What is required: Retype the whole listing exactly. Leave out pictures.

Recorded information:
──────────────────────────────

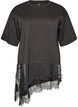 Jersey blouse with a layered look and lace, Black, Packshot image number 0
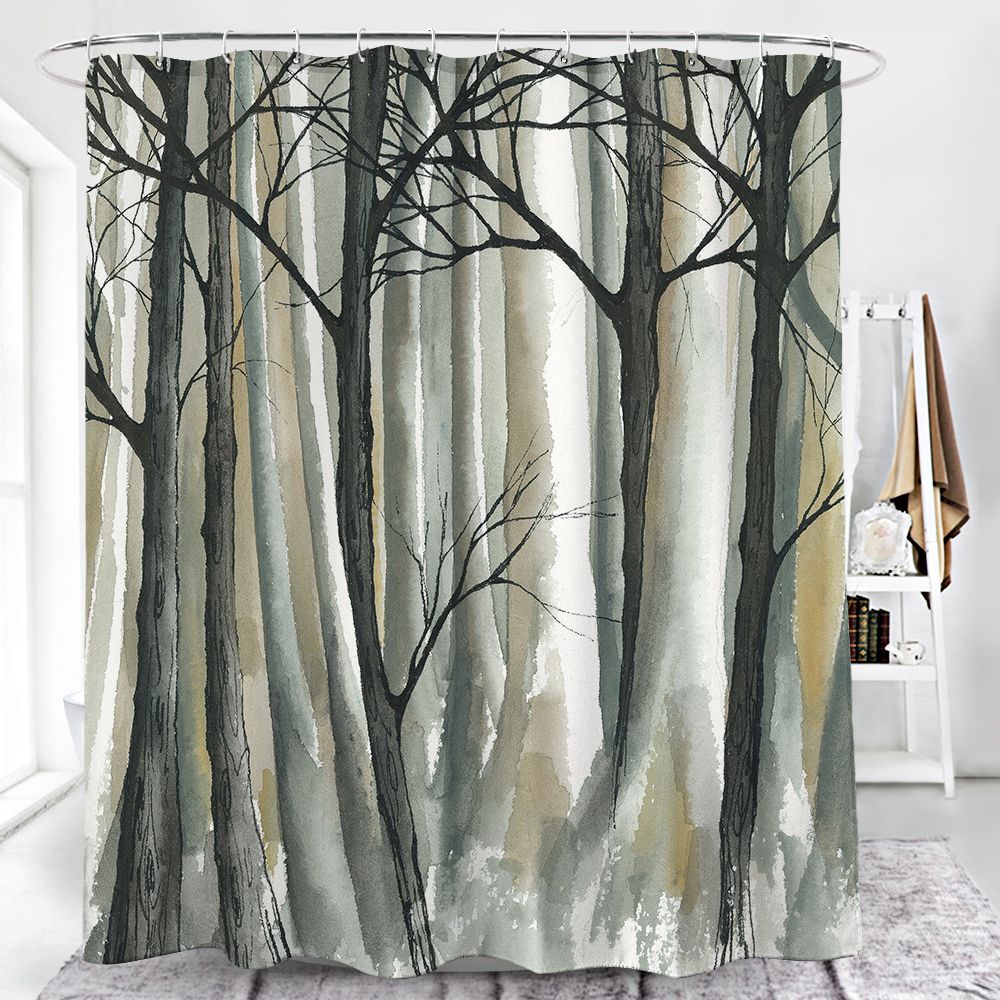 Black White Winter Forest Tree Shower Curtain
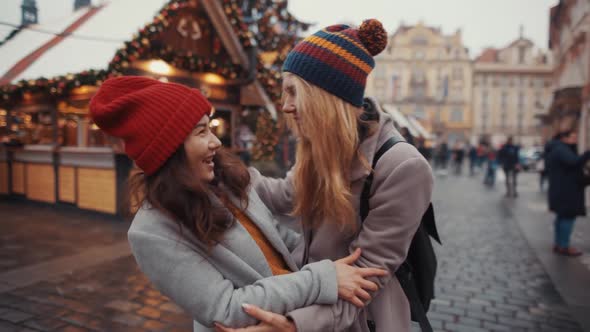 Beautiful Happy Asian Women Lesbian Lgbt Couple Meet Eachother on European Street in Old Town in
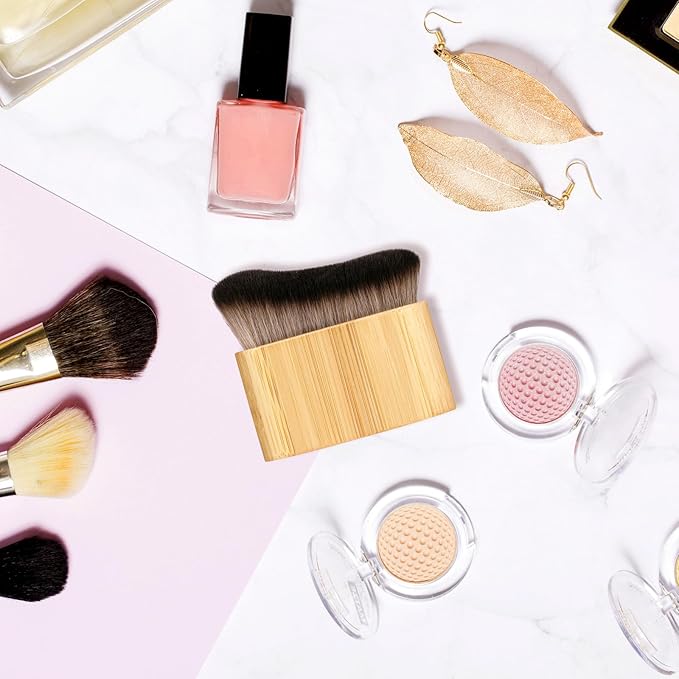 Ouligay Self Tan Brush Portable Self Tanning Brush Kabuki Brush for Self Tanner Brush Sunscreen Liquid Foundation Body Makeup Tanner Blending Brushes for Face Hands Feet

──────────────────────────────

The answer:
 Jersey blouse with a layered look and lace, Black, Packshot image number 0
 Black White Winter Forest Tree Shower Curtain
 Beautiful Happy Asian Women Lesbian Lgbt Couple Meet Eachother on European Street in Old Town in
 Ouligay Self Tan Brush Portable Self Tanning Brush Kabuki Brush for Self Tanner Brush Sunscreen Liquid Foundation Body Makeup Tanner Blending Brushes for Face Hands Feet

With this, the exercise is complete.